21 Eylül 2017 Perşembe

KERBELA FACİASI...MUHARREM AYI

Kerbela faciasına ağlamak, bir meşrebin veya mezhebin, senenin belirli zamanında merâsim olarak icra ettiği bir aslışkanlıktan ibaret değildir. İnsanın özündeki hakikate reva görülen bu zulme, tüm insanlık âlemi ağlamalıdır. Zira Kerbela, insanlığın ortak bir vâkıasıdır. Hz.Hüseyn’e, onun evlâdına ve ashâbına ağlayıp mâtemlerini tutmak, olmuş bitmiş bir hâdisenin sürekli gündeme getirilmesi de değildir. Hüseyin insanlığın canı ve cânânıdır. Hüseyin ve Hüseynîlerin başına gelenler, kendi mânâsına doğru yolculuk eden herkesin canını yakar, gözünden yaş getirir.

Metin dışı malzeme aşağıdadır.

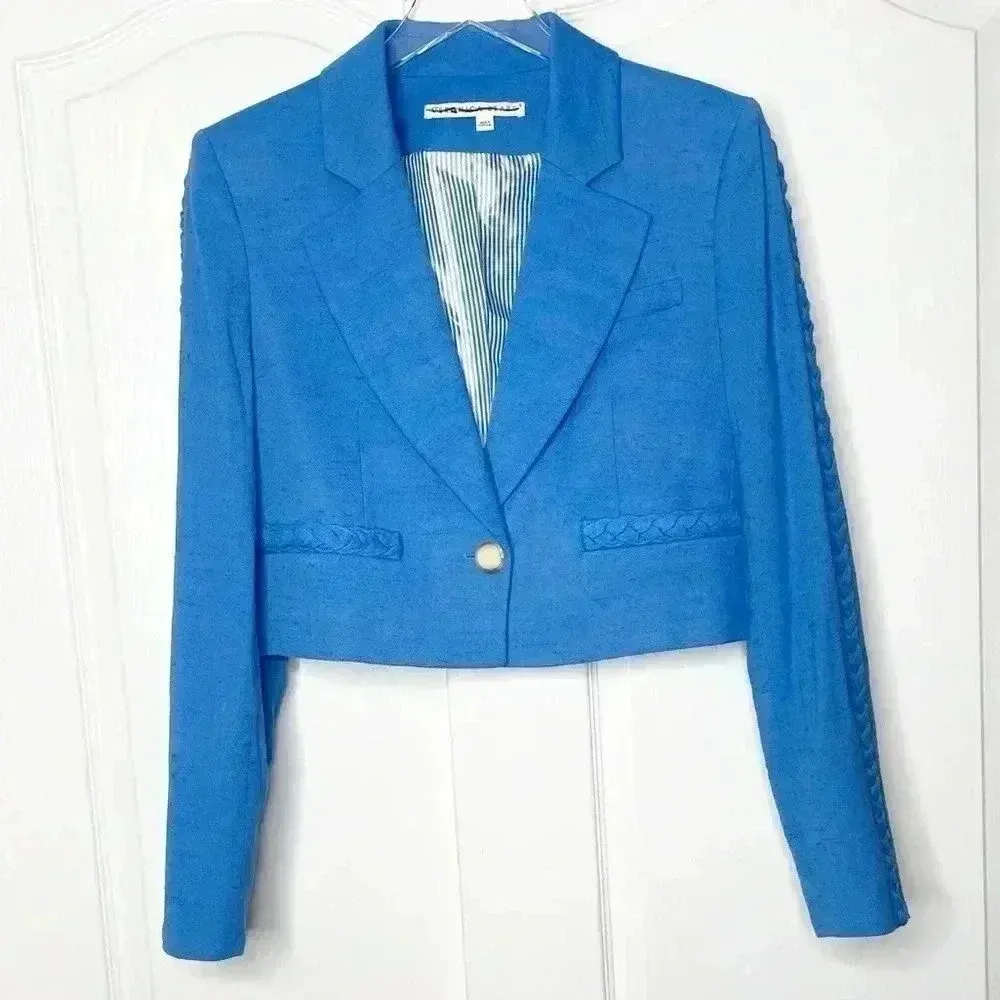 VERONICA BEARD Behren cropped woven blazer Size Medium NWOT - Image 6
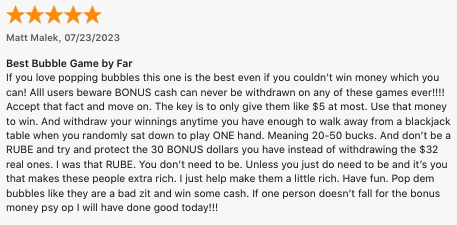 Positive review on App Store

1 Muharrem terkediş günüdür. Sevgilileri, sahip olunan maddi varlıkları terkediş günüdür. Peygamber ve dostlarının dünyalıkları sevgililerini annelerini ve babalarını terkederek Tevhid inancının peşine takılıp, neden ve niçin sorularını sormadan, arkalarına bile bakmadan yeni bir başlangıç için Mekke'den kaçıp gittikleri gündür 1 Muharrem. Herşeye la =hayır , sadece Allah'a evet, ilahlar yoktur, sadece tek bir İlah vardır anlayışının şuurunun kalplere yerleştiği gündür 1 Muharrem. 1 Muharrem kıyamdır, zulme başkaldırıdır. 400 km. çöl sıcağında aç susuz, neler ile karşılaşılacağı bilinmeyen bir yere doğru yol alınan gündür 1 Muharrem. Oralarda nerede kalacağız, yolda ne yiyip ne içeceğiz? gibi soruların sorulmadığı Tevekkülün doruğa ulaştığı gündür 1 Muharrem. Bu gün kutlanmalıdır. Zalimlere başkaldırı günü olarak kutlanmalıdır. Hicret buyruğunun muhatabı olan o mübarek insanlara selam olsun... Haydi biz de bir karar alalım bugün ve bütün ağırlıklarımızı arkada bırakalım ve Tevhide hicret edelim, tıpkı Peygamber ve Sahabelerinin yaptığı gibi. Hicretiniz kutlu olsun.